Best picks from backwater to big water
Whether you run a tiny skiff or a sprawling 27-foot bay boat, your inshore fishing experience depends on your outboard. Yamaha covers the entire range of power options, from its portable 2.5 hp single-cylinder model to the V-6 F300 with Helm Master® EX. “The key is the reliability. That’s why it’s Yamaha for me,” says Capt. Rick Murphy, guide and host of Sportsman’s Adventures® TV, sponsored by Yamaha. Murphy has run all sizes of boats with all types of Yamahas. We asked him to highlight his favorite shallow-water rigs.
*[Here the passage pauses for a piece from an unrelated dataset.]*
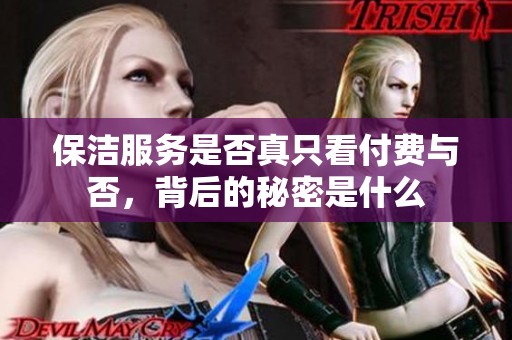 保洁服务是否真只看付费与否，背后的秘密是什么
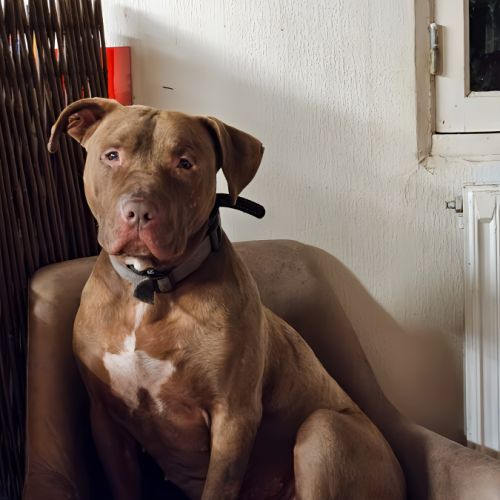 Denver,6 ans,cherche un bon foyer #1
“There are so many places that are no-motor zones these days; you’ve either got to paddle all day to get there, or run there and remove the engine from the transom,” he says. And that’s just what Murphy does on his 16-foot G3® johnboat, powered by a two-cylinder 25 hp Yamaha. “In fact, our best day fishing was in a no-motor zone. We caught 324 snook, redfish, tarpon, trout and black drum.”
Yamaha’s portable lineup ranges from the 37-pound F2.5, useful for tiny skiffs and flat-transom canoes, to the F25. The engines feature an oil-retention system for leak-free, on-side storage, as well as carry handles and resting pads.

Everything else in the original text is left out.